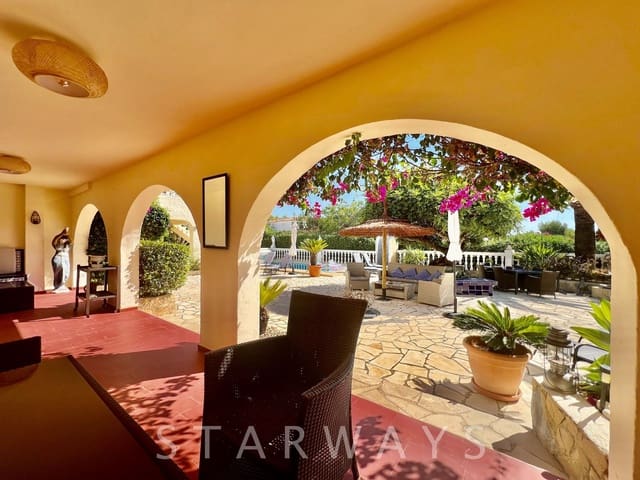 8 bedroom Villa for sale in La Nucia with pool garage - € 595,000 (Ref: 9130267)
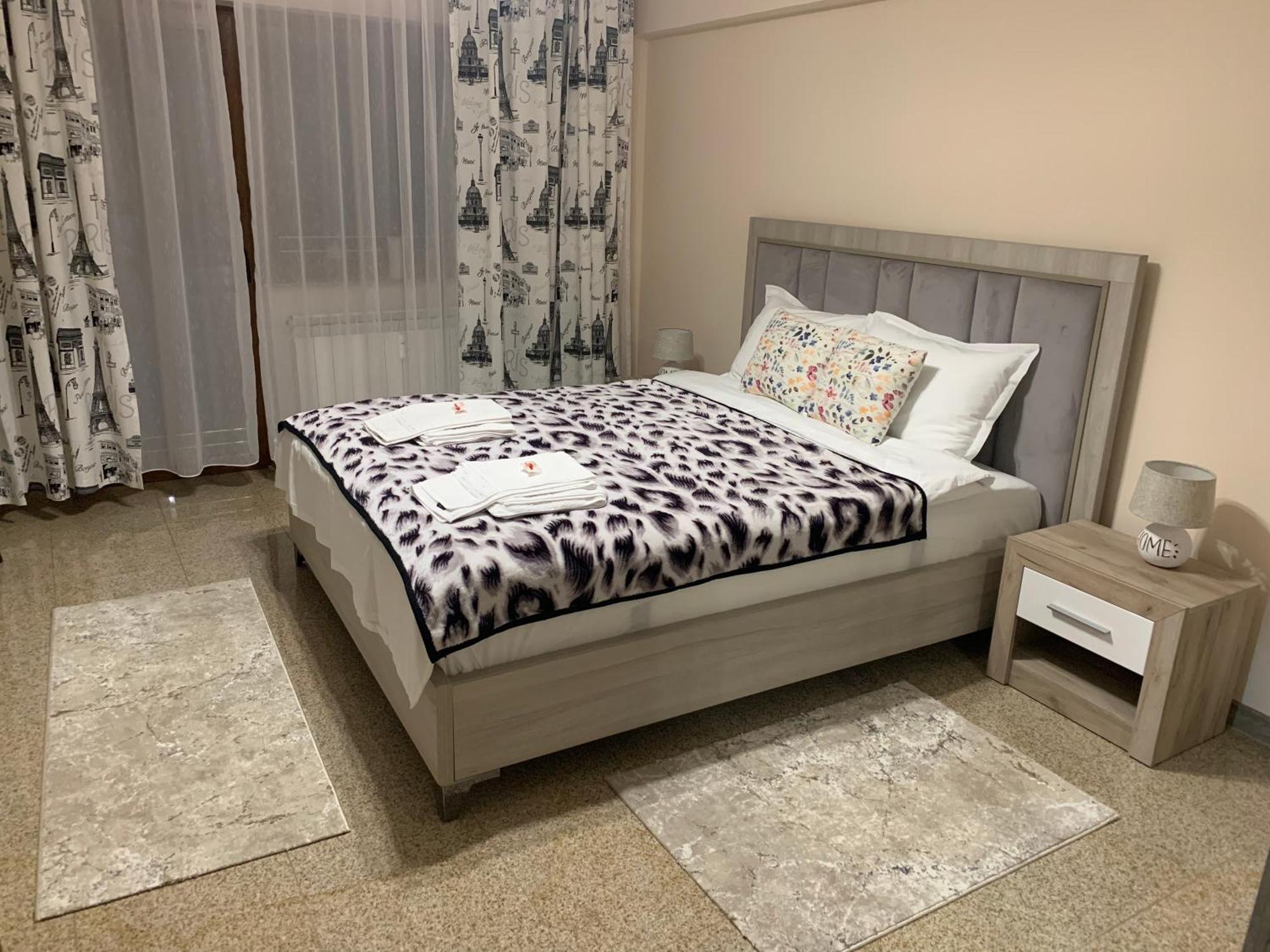 Minerva Ultracentral Apartment Крайова Екстериор снимка
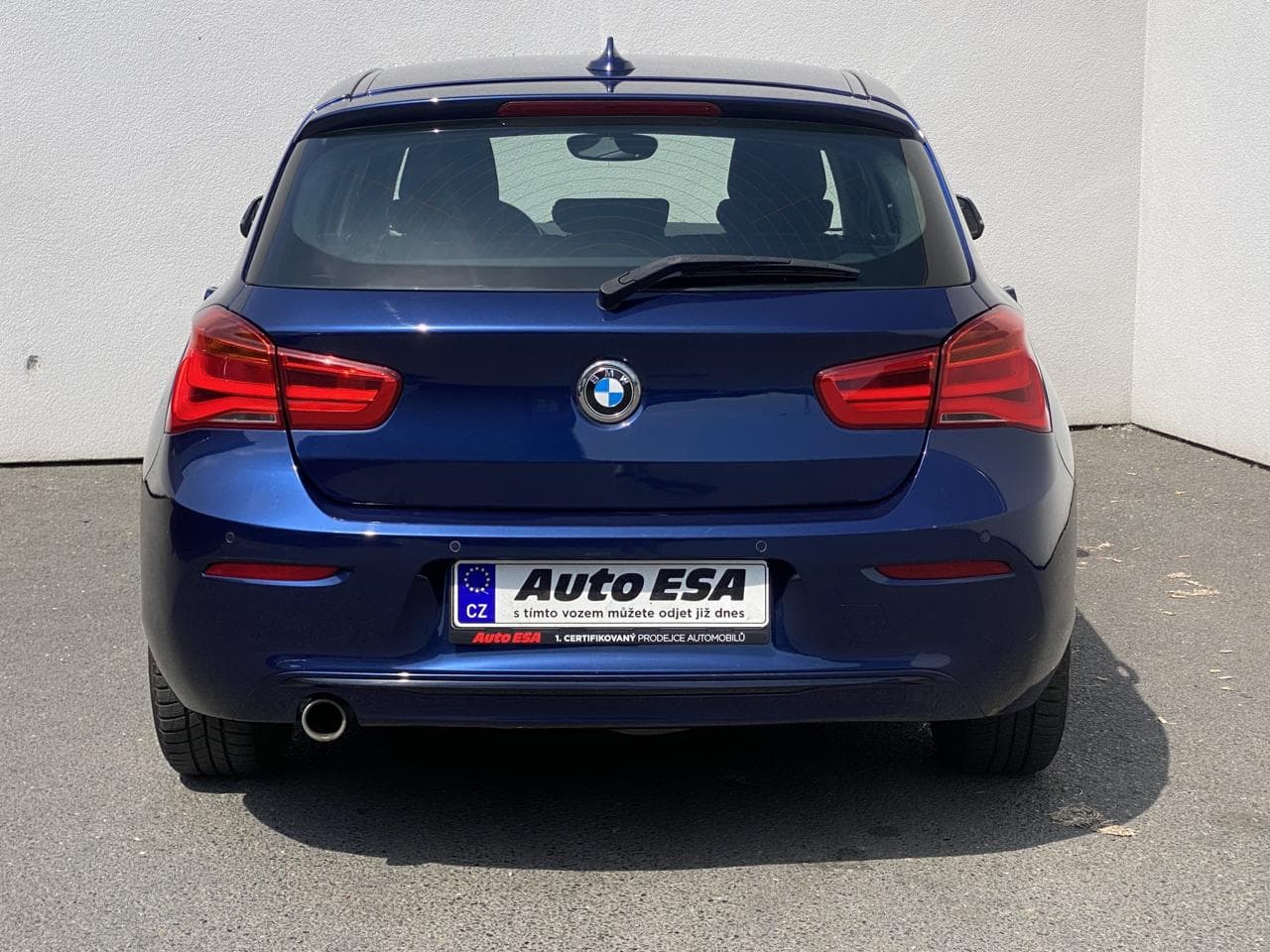 2018 BMW 1-SERIES - 5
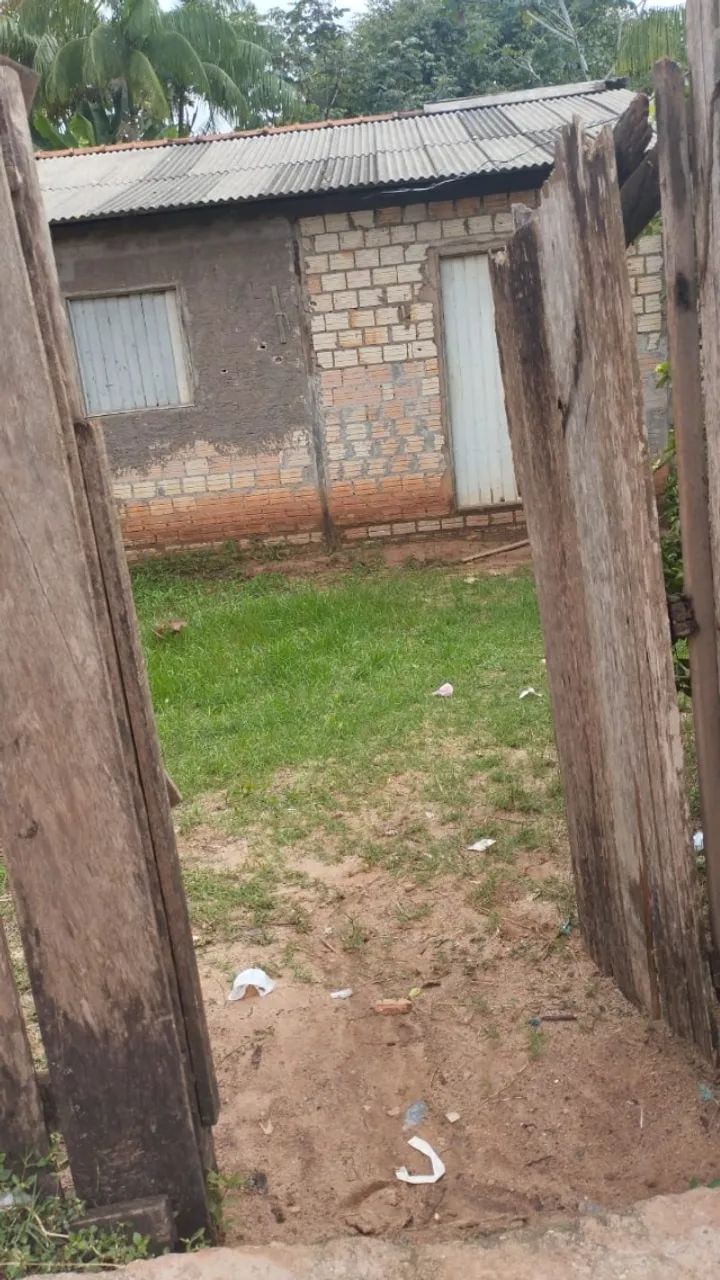 Vendo terreno com uma pequena casa  - Foto 2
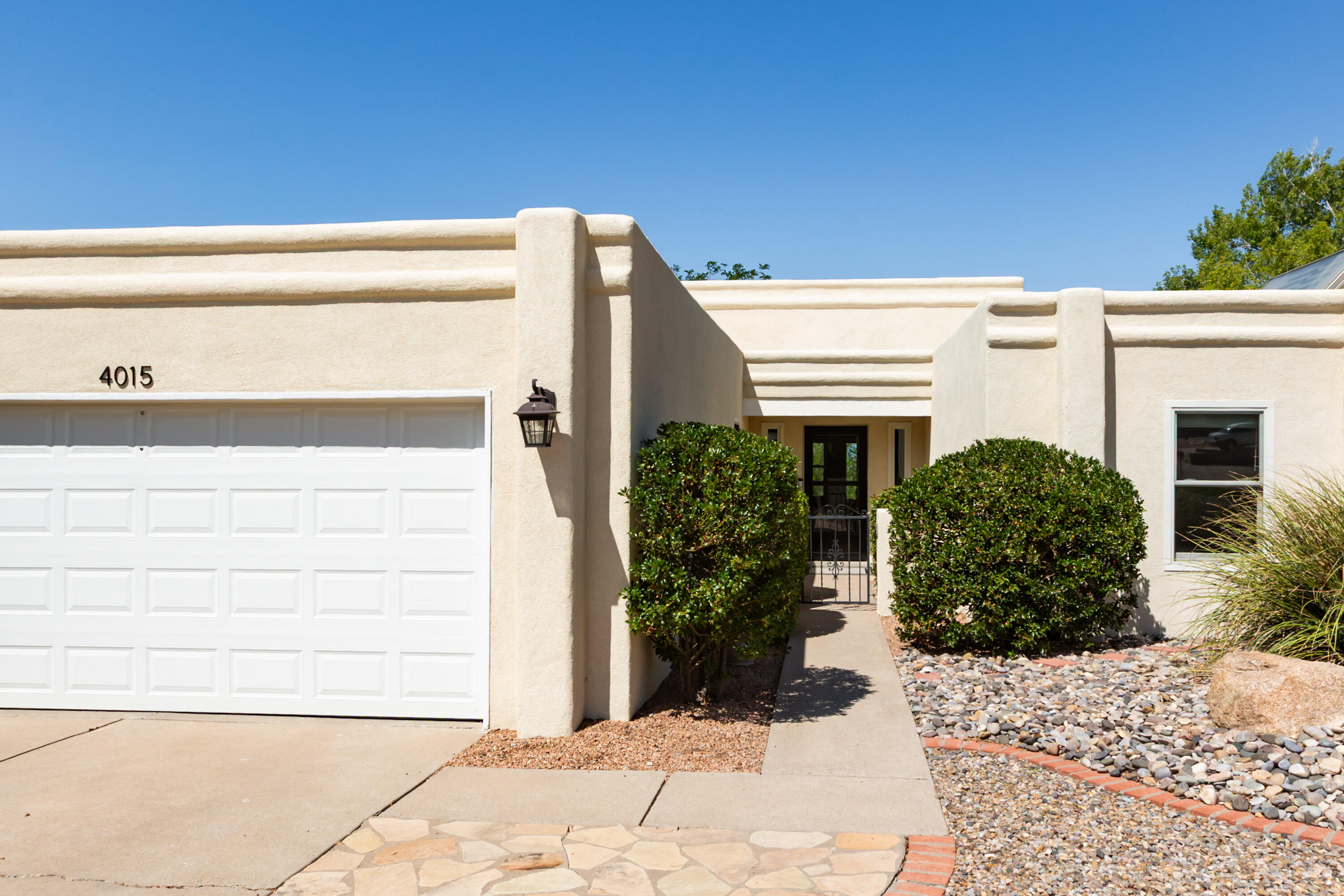 4015 CALLE PINO NE
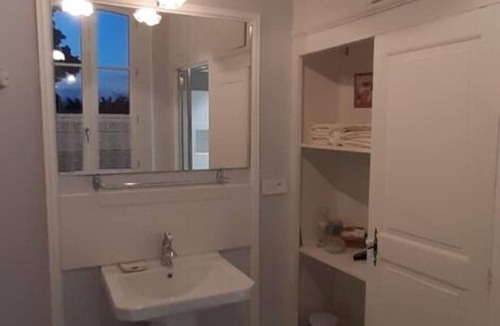Hautefort Bed & Breakfast | Bed and Breakfast 'Chambre Des Dames' with Shared Garden and Wi-Fi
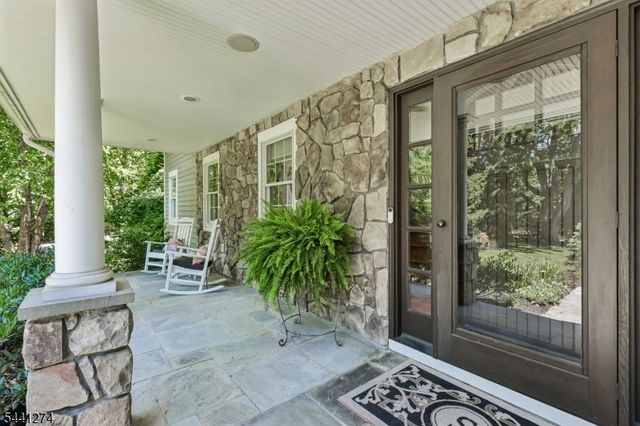 4 Holmehill Ln, Roseland Boro, NJ 07068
§ §
Write out every entry above exactly as it stands, minus the pictures.

 8 bedroom Villa for sale in La Nucia with pool garage - € 595,000 (Ref: 9130267)
 Minerva Ultracentral Apartment Крайова Екстериор снимка
 2018 BMW 1-SERIES - 5
 Vendo terreno com uma pequena casa  - Foto 2
 4015 CALLE PINO NE
Hautefort Bed & Breakfast | Bed and Breakfast 'Chambre Des Dames' with Shared Garden and Wi-Fi
 4 Holmehill Ln, Roseland Boro, NJ 07068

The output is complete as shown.